- [WHAT IS REQUIRED] What needs reproducing is the run of lines in the data below starting at the line with "International Auto Sector" and ending at the line with "East Korovin Island", both ends included. Copy it exactly, without pictures, and add nothing.

- [SUPPLIED MATERIAL]
◇ ◇ ◇
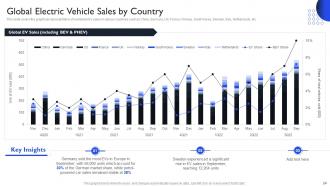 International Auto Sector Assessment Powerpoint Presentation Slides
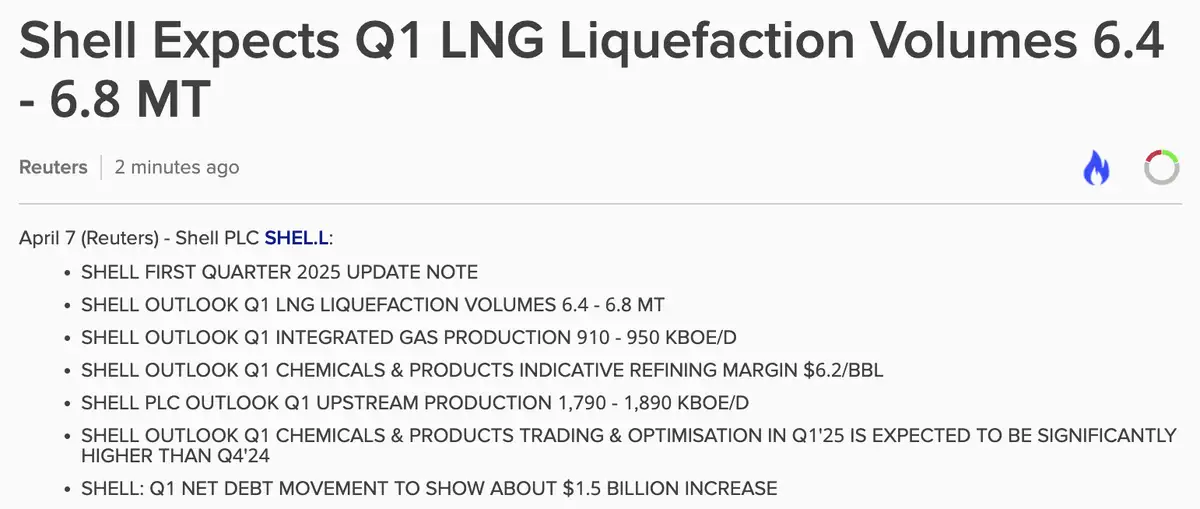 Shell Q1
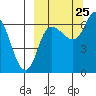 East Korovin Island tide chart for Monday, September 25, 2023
◇ ◇ ◇
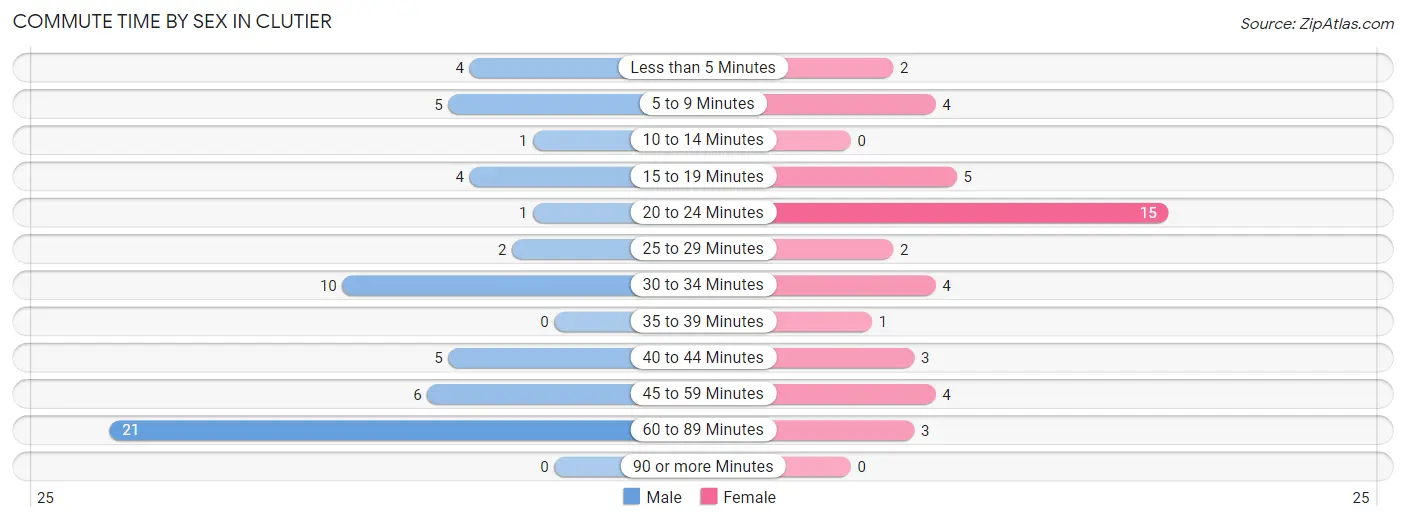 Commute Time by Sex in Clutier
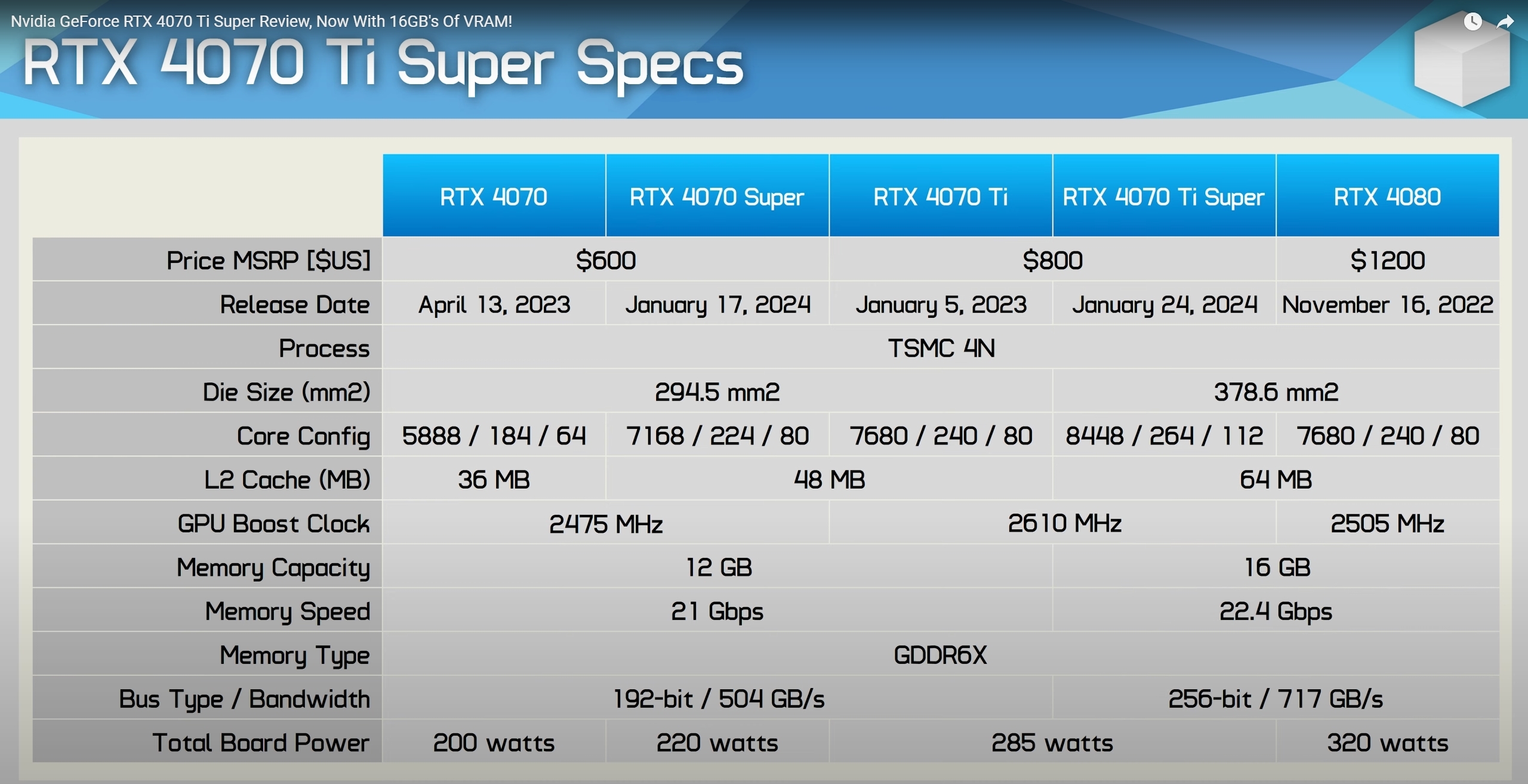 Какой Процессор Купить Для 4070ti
◇ ◇ ◇
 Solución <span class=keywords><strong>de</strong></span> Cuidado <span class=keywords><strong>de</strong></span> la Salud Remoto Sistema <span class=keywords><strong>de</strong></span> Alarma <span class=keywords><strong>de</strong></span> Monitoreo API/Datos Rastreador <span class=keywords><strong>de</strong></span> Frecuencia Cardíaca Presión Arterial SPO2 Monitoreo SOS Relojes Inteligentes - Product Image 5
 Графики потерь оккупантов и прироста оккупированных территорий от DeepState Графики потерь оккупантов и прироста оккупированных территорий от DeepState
◇ ◇ ◇
- [EXERCISE RESULT]
 International Auto Sector Assessment Powerpoint Presentation Slides
 Shell Q1
 East Korovin Island tide chart for Monday, September 25, 2023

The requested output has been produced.